Das Leben im Schongang
Hier wird eine wunderbar angenehme Lebensart zelebriert. Unzählige Aufmerksamkeiten sind dazu bestimmt, den Aufenthalt erholsam zu machen. Bereits beim Check-in wird das Tempo vorgegeben und es ist selbstverständlich gemässigt. Inmitten erfrischender, mit einer exotischen Blüte geschmückter Kokosnussdrinks empfängt uns Haushofmeister Bernie mit seinem entwaffnenden Lächeln und typisch seychellischer Gelassenheit. Er erzählt von Desroches, diesem mitten im Indischen Ozean gelegenen Mikrokosmos mit seinen Naturschätzen und riesigen Landschildkröten und er macht seine Gäste auf das bemerkenswerte Umweltbewusstsein der Inselbewohner aufmerksam. Sämtliche Abfälle werden aus dem Wasser gefischt, Feuermachen und Fischen in der Lagune sind verboten, die Strände und 75 Prozent der Insel wurden unter Naturschutz gestellt. Ein guter und notwendiger Schritt, der in Zusammenarbeit mit der International Conservation Society (Internationale Naturschutzgesellschaft) unternommen wurde.

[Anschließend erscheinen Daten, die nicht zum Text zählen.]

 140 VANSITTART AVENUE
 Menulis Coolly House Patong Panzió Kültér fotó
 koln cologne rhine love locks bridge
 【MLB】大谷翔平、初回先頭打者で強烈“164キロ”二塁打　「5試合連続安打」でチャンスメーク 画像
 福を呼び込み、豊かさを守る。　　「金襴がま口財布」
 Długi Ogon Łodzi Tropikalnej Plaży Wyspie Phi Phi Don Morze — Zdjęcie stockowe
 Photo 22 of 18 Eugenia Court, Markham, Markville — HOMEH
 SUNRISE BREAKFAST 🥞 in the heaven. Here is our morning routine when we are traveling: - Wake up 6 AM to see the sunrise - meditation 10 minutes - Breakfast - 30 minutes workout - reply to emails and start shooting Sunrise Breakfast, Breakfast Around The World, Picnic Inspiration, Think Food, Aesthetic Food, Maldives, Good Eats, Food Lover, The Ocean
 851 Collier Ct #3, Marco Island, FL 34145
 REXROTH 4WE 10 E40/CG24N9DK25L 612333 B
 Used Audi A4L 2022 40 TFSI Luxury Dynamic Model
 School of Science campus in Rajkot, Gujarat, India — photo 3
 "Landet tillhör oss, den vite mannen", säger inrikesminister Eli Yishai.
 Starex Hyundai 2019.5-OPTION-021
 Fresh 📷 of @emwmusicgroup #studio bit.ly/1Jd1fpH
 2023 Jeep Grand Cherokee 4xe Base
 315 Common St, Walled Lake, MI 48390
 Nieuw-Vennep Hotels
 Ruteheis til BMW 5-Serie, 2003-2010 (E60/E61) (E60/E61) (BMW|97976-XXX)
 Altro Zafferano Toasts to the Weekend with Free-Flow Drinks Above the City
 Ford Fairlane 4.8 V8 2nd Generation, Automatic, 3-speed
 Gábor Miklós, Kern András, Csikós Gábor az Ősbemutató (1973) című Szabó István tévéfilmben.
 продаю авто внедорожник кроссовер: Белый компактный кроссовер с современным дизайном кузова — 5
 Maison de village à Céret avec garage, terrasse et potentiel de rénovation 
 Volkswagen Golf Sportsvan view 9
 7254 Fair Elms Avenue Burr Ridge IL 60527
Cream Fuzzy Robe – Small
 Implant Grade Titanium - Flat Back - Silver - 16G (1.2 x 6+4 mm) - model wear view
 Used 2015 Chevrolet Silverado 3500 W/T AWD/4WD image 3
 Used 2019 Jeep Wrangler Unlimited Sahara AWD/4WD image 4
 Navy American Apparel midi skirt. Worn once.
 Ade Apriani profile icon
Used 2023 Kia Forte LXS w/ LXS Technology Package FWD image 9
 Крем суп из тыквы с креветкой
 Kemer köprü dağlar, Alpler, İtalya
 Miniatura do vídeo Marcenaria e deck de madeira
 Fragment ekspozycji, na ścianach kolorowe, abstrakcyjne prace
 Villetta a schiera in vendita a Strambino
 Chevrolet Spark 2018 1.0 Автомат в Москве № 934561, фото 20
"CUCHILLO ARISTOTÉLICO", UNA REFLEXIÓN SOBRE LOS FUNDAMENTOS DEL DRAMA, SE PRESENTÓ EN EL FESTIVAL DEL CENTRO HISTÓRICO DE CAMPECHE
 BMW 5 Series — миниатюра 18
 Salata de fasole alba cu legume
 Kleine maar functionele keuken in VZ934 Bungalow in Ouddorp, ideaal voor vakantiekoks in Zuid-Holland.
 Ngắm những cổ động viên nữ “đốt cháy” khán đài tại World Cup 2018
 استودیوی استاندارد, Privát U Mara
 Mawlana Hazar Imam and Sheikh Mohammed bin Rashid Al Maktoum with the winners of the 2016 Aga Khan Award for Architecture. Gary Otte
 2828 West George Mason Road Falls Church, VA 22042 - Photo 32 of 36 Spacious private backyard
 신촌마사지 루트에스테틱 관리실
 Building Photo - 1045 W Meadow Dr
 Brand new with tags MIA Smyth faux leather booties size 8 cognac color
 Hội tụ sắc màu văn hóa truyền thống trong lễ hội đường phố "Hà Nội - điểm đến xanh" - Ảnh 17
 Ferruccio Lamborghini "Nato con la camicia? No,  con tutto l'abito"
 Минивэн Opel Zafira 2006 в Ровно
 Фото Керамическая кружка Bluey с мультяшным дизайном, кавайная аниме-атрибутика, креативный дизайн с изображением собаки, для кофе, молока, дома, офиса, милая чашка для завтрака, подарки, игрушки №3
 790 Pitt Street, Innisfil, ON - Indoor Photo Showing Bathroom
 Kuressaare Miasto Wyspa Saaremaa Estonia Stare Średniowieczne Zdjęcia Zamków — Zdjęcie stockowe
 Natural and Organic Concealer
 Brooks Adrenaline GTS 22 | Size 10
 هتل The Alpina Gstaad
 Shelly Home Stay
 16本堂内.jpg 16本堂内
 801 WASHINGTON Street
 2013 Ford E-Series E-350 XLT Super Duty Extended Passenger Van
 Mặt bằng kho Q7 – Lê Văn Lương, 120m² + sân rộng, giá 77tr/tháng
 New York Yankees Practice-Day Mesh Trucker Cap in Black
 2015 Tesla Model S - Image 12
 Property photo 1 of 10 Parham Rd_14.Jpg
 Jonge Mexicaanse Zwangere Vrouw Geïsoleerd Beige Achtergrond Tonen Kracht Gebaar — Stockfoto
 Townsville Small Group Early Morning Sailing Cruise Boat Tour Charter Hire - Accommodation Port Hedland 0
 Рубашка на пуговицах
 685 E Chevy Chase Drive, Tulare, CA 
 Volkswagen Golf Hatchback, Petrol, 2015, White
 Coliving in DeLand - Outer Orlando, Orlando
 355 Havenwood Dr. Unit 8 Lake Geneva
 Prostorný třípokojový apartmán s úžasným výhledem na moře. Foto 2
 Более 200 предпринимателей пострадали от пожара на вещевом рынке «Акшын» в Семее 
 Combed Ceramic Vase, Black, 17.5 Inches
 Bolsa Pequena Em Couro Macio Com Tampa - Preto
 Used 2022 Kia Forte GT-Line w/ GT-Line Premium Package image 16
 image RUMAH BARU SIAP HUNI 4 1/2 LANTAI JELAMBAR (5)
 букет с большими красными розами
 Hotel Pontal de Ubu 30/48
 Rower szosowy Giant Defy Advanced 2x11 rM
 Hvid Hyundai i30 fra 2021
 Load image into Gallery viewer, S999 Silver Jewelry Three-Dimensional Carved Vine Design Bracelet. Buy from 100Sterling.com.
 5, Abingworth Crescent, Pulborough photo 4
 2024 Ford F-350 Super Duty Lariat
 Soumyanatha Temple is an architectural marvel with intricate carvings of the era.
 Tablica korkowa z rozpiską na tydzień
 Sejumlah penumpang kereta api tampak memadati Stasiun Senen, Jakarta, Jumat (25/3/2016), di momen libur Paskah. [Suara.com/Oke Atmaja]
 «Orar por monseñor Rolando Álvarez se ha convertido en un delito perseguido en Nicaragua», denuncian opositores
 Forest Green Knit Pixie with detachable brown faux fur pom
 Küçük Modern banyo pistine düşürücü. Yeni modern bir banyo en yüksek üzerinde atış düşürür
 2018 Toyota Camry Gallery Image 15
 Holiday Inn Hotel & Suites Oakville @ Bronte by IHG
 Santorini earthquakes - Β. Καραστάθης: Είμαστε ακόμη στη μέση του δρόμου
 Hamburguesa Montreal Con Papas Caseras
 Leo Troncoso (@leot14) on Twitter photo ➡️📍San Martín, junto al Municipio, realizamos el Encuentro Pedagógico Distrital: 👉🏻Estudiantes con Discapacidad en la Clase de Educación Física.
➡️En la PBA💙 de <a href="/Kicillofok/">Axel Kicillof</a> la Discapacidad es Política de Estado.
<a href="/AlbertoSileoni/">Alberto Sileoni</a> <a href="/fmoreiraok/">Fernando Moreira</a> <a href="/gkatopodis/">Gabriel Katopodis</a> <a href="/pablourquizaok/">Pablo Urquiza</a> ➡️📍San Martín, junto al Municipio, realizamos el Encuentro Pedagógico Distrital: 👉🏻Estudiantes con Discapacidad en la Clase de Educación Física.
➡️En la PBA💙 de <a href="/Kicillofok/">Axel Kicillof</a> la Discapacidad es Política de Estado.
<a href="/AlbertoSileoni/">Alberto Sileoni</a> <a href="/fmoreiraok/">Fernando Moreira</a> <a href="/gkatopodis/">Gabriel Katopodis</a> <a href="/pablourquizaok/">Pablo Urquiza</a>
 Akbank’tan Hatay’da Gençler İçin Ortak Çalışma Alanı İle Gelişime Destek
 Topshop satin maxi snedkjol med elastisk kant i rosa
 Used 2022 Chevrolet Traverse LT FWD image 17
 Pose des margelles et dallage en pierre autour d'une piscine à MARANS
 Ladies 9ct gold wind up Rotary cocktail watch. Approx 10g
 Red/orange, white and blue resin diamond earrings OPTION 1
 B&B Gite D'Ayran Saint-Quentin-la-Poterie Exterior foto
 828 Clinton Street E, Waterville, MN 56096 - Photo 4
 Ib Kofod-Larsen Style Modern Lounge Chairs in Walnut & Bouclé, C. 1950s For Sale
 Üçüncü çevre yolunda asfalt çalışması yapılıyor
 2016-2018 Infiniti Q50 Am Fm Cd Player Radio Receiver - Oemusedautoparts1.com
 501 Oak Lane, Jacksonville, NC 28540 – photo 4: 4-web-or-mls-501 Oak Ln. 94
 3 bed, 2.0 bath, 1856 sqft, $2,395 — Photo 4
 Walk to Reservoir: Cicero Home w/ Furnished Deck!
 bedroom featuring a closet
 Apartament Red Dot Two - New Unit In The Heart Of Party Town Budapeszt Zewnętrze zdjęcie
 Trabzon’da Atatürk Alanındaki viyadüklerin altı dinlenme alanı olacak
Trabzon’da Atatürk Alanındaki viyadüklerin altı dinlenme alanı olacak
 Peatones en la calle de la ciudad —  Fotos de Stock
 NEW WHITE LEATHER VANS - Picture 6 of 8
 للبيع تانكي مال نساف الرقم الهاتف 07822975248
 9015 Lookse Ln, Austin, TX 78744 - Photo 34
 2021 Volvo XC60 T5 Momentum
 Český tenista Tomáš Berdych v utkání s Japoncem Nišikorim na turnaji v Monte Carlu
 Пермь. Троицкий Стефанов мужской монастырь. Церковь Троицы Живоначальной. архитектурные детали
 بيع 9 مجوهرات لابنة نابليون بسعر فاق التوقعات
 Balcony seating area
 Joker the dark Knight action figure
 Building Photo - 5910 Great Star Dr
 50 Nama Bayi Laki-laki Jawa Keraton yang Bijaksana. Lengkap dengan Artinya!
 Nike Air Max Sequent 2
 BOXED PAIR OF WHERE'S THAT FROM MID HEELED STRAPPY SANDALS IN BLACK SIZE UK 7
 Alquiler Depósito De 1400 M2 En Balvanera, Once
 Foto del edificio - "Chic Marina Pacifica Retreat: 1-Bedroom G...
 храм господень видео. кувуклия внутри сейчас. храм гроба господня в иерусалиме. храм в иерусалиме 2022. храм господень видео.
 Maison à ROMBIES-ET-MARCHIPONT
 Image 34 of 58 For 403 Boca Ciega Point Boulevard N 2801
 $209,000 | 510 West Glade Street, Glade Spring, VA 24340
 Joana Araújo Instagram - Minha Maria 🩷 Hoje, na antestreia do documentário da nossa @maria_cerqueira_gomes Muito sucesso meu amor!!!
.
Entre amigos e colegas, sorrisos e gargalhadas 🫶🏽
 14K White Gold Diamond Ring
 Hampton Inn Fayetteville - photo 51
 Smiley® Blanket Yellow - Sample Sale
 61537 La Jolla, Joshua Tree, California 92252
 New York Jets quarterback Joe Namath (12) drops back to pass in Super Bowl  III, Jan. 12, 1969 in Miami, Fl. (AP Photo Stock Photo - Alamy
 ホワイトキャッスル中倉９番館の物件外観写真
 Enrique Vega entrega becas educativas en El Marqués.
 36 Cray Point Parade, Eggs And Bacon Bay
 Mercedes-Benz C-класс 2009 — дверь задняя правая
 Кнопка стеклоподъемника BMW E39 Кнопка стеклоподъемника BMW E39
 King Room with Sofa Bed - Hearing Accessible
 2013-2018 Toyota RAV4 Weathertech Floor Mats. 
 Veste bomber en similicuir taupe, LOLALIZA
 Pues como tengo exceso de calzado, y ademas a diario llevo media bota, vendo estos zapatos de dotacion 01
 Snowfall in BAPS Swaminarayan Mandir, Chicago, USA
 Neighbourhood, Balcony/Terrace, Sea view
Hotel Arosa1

Nach dieser kurzen Einführung kann die Freizeit für den Rest des Aufenthalts nach eigenem Ermessen gestaltet werden. Zur Hauptsache besteht sie aus Dolce Farniente sowie aus Sonnen- und Meerwasserbädern, die durch Tauchgänge, Fischen auf offenem Meer, Tennispartien und Relaxen im Spa unter den Händen von erfahrenen balinesischen Experten unterbrochen werden.
Luxus extrem
Was wäre ein solches Paradies ohne Gaumenfreuden? Das Desroches Island Resort kann stolz auf seine göttliche Karte verweisen. Nach dem Sonnenuntergang bei einem Punsch mit Seychellen-Rum Takamaka kann sich der Gast an fein gewürztem Schweinefleisch auf indische Art, geräuchertem Marlin oder gegrilltem Tintenfisch ergötzen und passend zum jeweiligen Gericht einen Château Margaux Palmer, einen Pommerol 1996 oder einen Château La Conseillante geniessen. Und was schmeckt besser zum Nougat-Eis oder den pochierten Birnen als ein Chandon Brut Impérial oder ein Bollinger Spéciale Cuvée?
Falls für den Abend keine äquatoriale Störung erwartet wird, kann man sogar am Strand tafeln und das Mahl im Schein der Kerzen zu sich nehmen. Welch ein Genuss! Wer könnte da widerstehen!
Nach einer ruhigen Nacht in einem bequemen Bett aus Zedernholz gehen wir am Ende dieser Kreuzfahrt durch die Amiranten an Bord unserer treuen Sea Wake und nehmen Kurs auf Banc Africain und seine kleinen Eilande, die wie surrealistische Sandanhäufungen inmitten eines immensen Atolls wirken. Jetzt geht es nur noch darum, dieses unglaubliche Gefühl der Abgeschiedenheit inmitten des Indischen Ozeans bis zum Ende zu geniessen – ein unschätzbarer Luxus in unserer Welt der totalen Kommunikation.